# Scary picture..can anyone give a good scary one



## mikael_schiffer (Jul 26, 2013)

I am in dire need of scary pics. When i googled all i got was people in costumes and some funny-trying-to-be-scary pics.. Most of them are lame.. 
Need a pic that will scare the bejeezuz outta a girl.. Something which when she sees ensures she cant sleep at night, or stay alone in a house.. nightmare material.. 
No GIFs plz, it has to be sent via Whatsapp


----------



## ShankJ (Jul 26, 2013)

try Evil Dead 4 pictures..


----------



## Flash (Jul 26, 2013)

mikael_schiffer said:


> *Need a pic that will scare the bejeezuz outta a girl.. Something which when she sees ensures she cant sleep at night,* or stay alone in a house.. nightmare material..



Have you tried yours?


----------



## mikael_schiffer (Jul 26, 2013)

gearbox said:


> have you tried yours?


 

*4.bp.blogspot.com/-l1V2MR4hHTU/UWROyebcPXI/AAAAAAAAALY/irwJIpyaGh0/s320/Evil-Dead-trailer-10_612x380.jpg


----------



## Zangetsu (Jul 26, 2013)

type "scary pics" in google


----------



## axes2t2 (Jul 26, 2013)

*4.bp.blogspot.com/-7GkhOqlG1iU/UPwAtxxmACI/AAAAAAAAIEw/F0I2AKDJnOU/s400/creepypasta2.jpg


----------



## Hrishi (Jul 26, 2013)

mikael_schiffer said:


> I am in dire need of scary pics. When i googled all i got was people in costumes and some funny-trying-to-be-scary pics.. Most of them are lame..
> Need a pic that will scare the bejeezuz outta a girl.. Something which when she sees ensures she cant sleep at night,* or stay alone in a house*.. nightmare material..
> No GIFs plz, it has to be sent via Whatsapp


So you can stay with her in the night. ??


----------



## Santa Maria! (Jul 26, 2013)

axes2t2 said:


> Spoiler
> 
> 
> 
> *4.bp.blogspot.com/-7GkhOqlG1iU/UPwAtxxmACI/AAAAAAAAIEw/F0I2AKDJnOU/s400/creepypasta2.jpg



Dammit man, now I can't sleep.


----------



## Extreme Gamer (Jul 27, 2013)

*static.ibnlive.in.com/ibnlive/pix/sitepix/01_2013/mamata-tuesday.jpg


----------



## GhorMaanas (Jul 27, 2013)

is there a way to upload an animated gif here?!


----------



## Gollum (Jul 27, 2013)

GhorMaanas said:


> is there a way to upload an animated gif here?!



same as a normal pic


----------



## GhorMaanas (Jul 27, 2013)

Gollum said:


> same as a normal pic



i tried, but it ultimately is showing as a jpeg attachment. it's a 3.09 MB file, and hence, even imgur isn't accepting it.

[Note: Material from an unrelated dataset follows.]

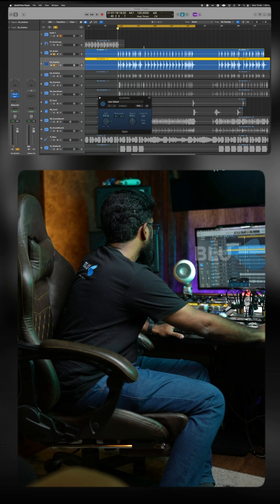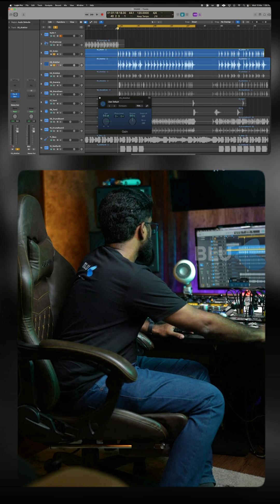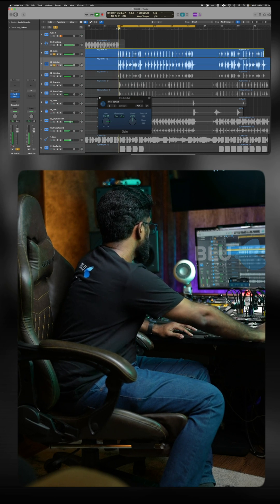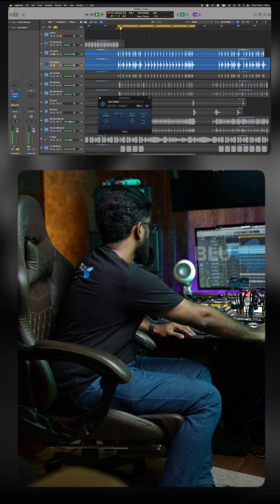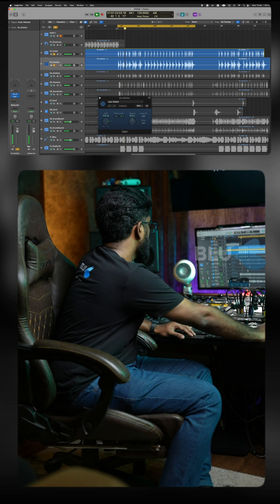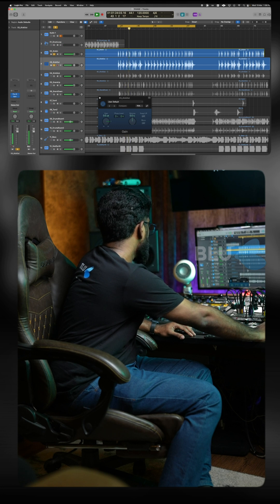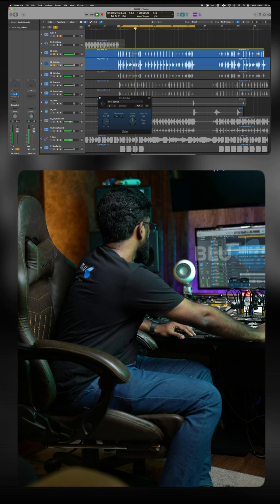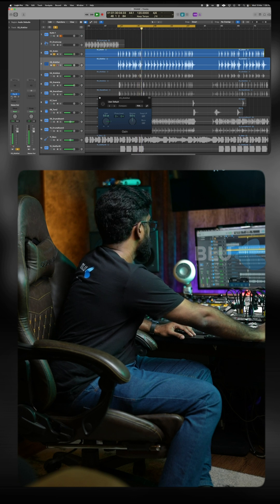Can you hear phase cancellation? Yes, and I will show you an example and I will also show you how to rectify it. This is with phase cancellation. This is without phase cancellation.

the image is interesting, hence thought OP might like it.


----------



## Ricky (Jul 27, 2013)

Attach it directly using [img ] [/img ] tags.


----------



## GhorMaanas (Jul 27, 2013)

Ricky said:


> Attach it directly using [img ] [/img ] tags.



ok. let me try.

----------------------------------------------------------------------------------------------------------------------------------------------------------------------------------------------------------------------------------------------------------------------------------------------------------------------

HERE IT IS (warning! this will gorge on your bandwidth.):

*i1291.photobucket.com/albums/b549/infoscavenger/4518352805_1a220a3877_o_zps660b05a7.gif

----------------------------------------------------------------------------------------------------------------------------------------------------------------------------------------------------------------------------------------------------------------------------------------------------------------------

oh damn! i just noticed your OP, which reads 'no GIFs please!'. sorry.
anyway, let this entertain our forum-members here. 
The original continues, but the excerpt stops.